My debug shows the root reason is from the “PutScatterGatherList()” function inside of our DPC. The “PutScatterGatherList()” can not finish and take forever to run, which I do not understand.
To prove this, I did another test to disable all the interrupts in our driver to enforce the DPC function not running. Since the “PutScatterGatherList()” function is also used in our “CancelActiveRead()” function, I can make another BSOD by canceling the DMA read only without DPC running.

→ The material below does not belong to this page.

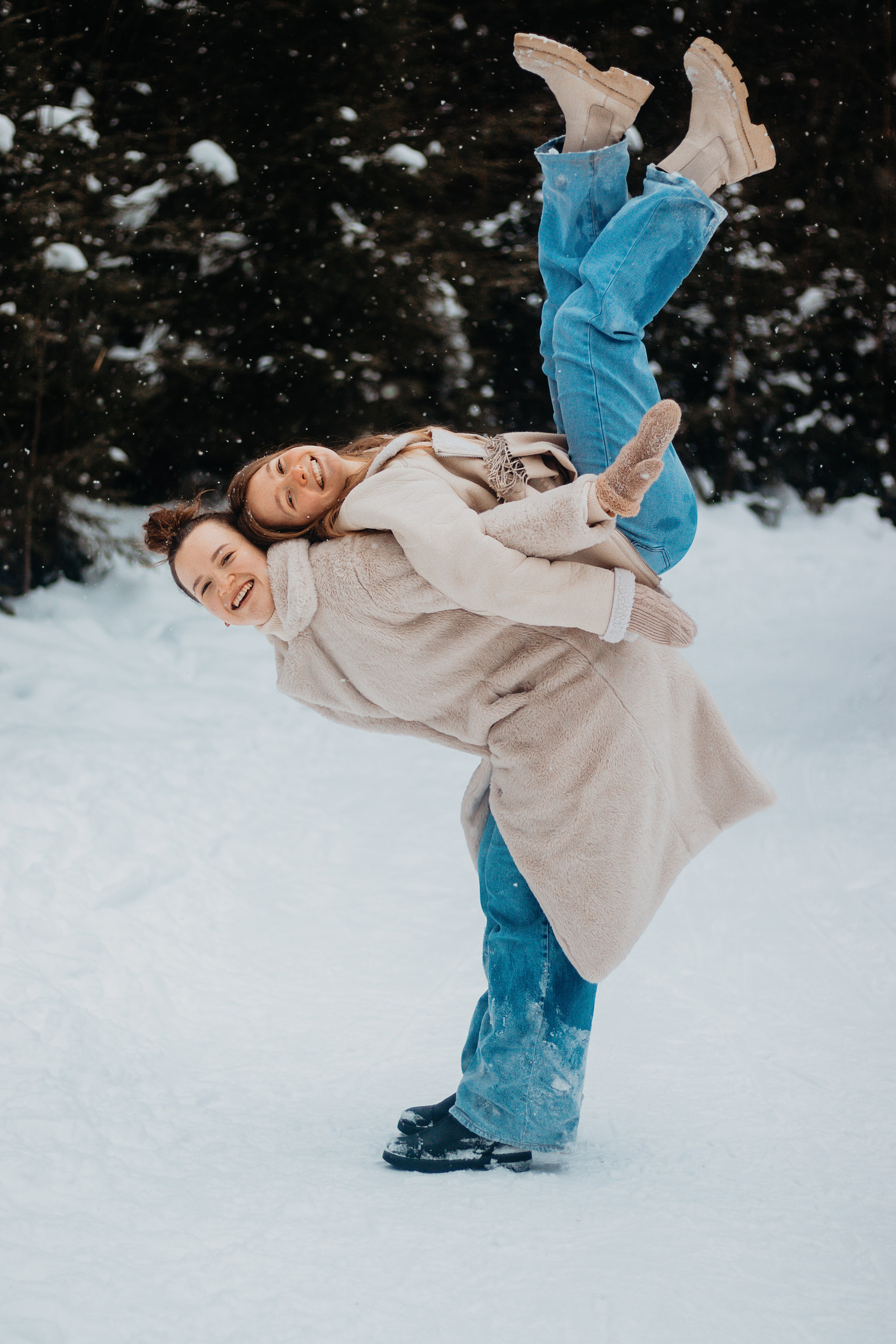 Шура и Даша. Лес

Our “CancelActiveRead()” function has the code like:
VOID CancelActiveRead( PDEVICE_OBJECT DeviceObject, PIRP Irp)
{
//-----------------------------------------------------------------------------
PGEMINI_DEVICE_EXT DevExt = (PGEMINI_DEVICE_EXT)DeviceObject->DeviceExtension;
KIRQL OldIrql;
//-----------------------------------------------------------------------------
DbgPrint("\nCancelActiveRead() enter()\n");
...... // Some code here
//-------------------------------------------------------------------------
KeAcquireSpinLock(&DevExt->ImageReadStateLock, &OldIrql);
DbgPrint("\nCancelActiveRead() get ImageReadStateLock\n");
//
// This drives everything practically into reset
//
SetPCICardReset(DevExt);
//
// Clear the Transfer length
//
ProgramDmaTransferLength (DevExt, 0);
//
// Undo some of the resets
//
ClearPCICardReset(DevExt);
//
// Disarm the Card! - yes we are doing this underneath the
// app sort of, except that either the app told up to CancelIo,
// or Windows is killing the thread...
//
ClearControlRegisterBits( DevExt, CTRL_BIT_ARM );
SetControlRegisterBits( DevExt, CTRL_BIT_FLUSH_INPUT );
//
// If these are equal, the DPC hasn't seen it yet
//
if (DevExt->CurrentReadIrp == Irp)
DevExt->CurrentReadIrp = NULL;
//
// Return the scatter/gather list we've been using
//
// Third parameter is FALSE because this is a Read
// operation
//
DbgPrint("\nCancelActiveRead() Call PutScatterGatherList()\n");
DevExt->ReadAdapter->DmaOperations->PutScatterGatherList(
DevExt->ReadAdapter,
DevExt->ReadScatterGatherList,
FALSE);
DbgPrint("\nCancelActiveRead() end PutScatterGatherList()\n");
//
// Make sure we don't have a stale pointer
//
DevExt->ReadScatterGatherList = NULL;
KeReleaseSpinLock(&DevExt->ImageReadStateLock, OldIrql);
DbgPrint("\nCancelActiveRead() release ImageReadStateLock\n");
//-------------------------------------------------------------------------
....... // other codes here
.......
}
From the WinDbg, I got
"CancelActiveRead() enter()
CancelActiveRead() get ImageReadStateLock
CancelActiveRead() Call PutScatterGatherList()
"
NO ANY output after this.
Since I added two dbgprints just before and after the “PutScatterGatherList()”, I can only see the first dbgprint is displayed but the second dbgprint never show up. And the target machine freezes.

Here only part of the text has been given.